I am not saying that carefulness is not taught in Scripture nor is it something that isn’t being passed down from generation to generation, but rather I think that this moral responsibility is an application of a doctrine rather than a doctrine in and of itself. Therefore, Frame is expounding the notion of carefulness from the moral law summarized by the sixth commandment, which expresses the inherent worth and value of human beings made in God’s image. For this reason, I am arguing to modify Frame’s thought from the “doctrine of carefulness” to the “principle of carefulness.”
Carefulness could be considered a subjective term for each individual’s conscience, which is why, in my opinion, it is difficult to defend this concept as a “doctrine” (Frame acknowledges this difficulty on pp. 724-25 in footnote 7). For example, the speed limit in the United States is designed to keep drivers and passengers in all vehicles safe–thus, protecting life. If you and I were debating about how fast to drive on Interstate 5 in Los Angeles, California based on the concept of a doctrine of carefulness, you would think that both of us should say that we should drive at 70 miles per hour–the speed limit. If you have ever driven on certain parts of “The 5” you would know that this could be a dangerous course of action.
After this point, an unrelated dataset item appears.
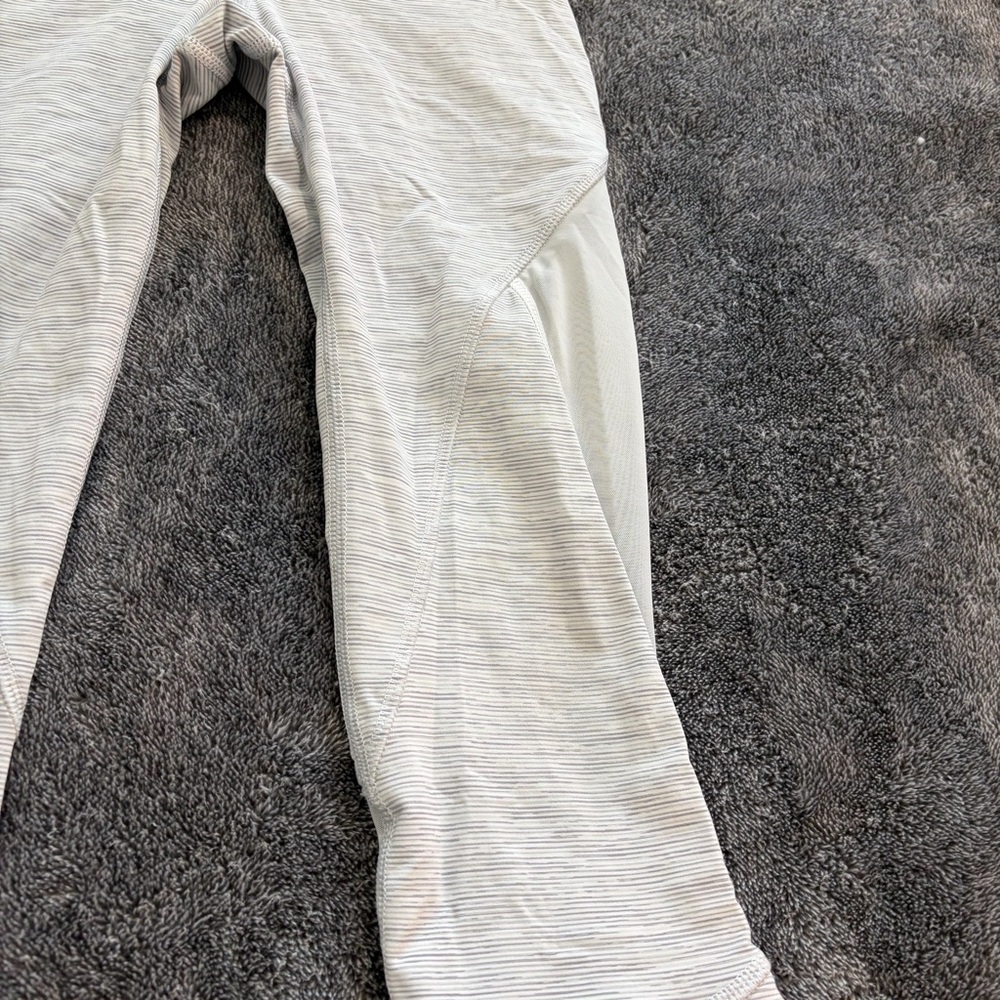 Lululemon Athletica Light Gray Cropped Yoga Leggings Size 2 - Picture 2 of 5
Drivers have to make continuous moral judgments on how fast they should drive depending on where they are and what is happening on Interstate 5. You might say that I need to drive 70 miles per hour to keep up with the traffic flow of other drivers so that I am not hit by other cars when driving too slow–“The 5” can be a fast-paced road during non-rush hour times. I might, in return, argue that going 5 miles under the speed limit is safer because coming over a hill or around a curve and seeing traffic backed up will allow you to react in a timely manner, thus preventing any accidents. Do you see how carefulness could be considered a subjective term? Therefore, I think that carefulness must be attached to an objective truth–i.e. the Imago Dei.
With this in mind, I prefer to designate the term “principle of carefulness” as the more appropriate phrase for believers. The applications of carefulness will vary (principle), but the respect for human life does not (doctrine). Go back to my example of our argument about driving on “The 5.” You and I are arguing different applications of the principle of carefulness, but we are making our cases with the same doctrine in view, all life is sacred because all people are made in God’s image. To put it another way, the principles that we arguing for are dependent upon the same doctrine we both believe in– i.e. the Imago Dei.
The Principle of Carefulness Concluded
To conclude, I agree with Frame that the Bible teaches Christians should uphold to such a high view of human beings made in God’s image so that we are constantly encouraged to “be very careful to guard against the possible destruction of human life” (DCL, 724, emphasis original). I think the phrase “principle of carefulness” exists as a better alternative to Frame’s use of “doctrine of carefulness” by recognizing the various applications that could be practiced by believers holding to an inviolability of life ethic. While the biblical warrant for Christians to favor life in all situations remains biblically justified, the principle can be applied differently depending upon the conditions. I am not arguing a situational ethic, I am holding to the biblical truth of the Imago Dei as the foundational doctrine for the principle of carefulness.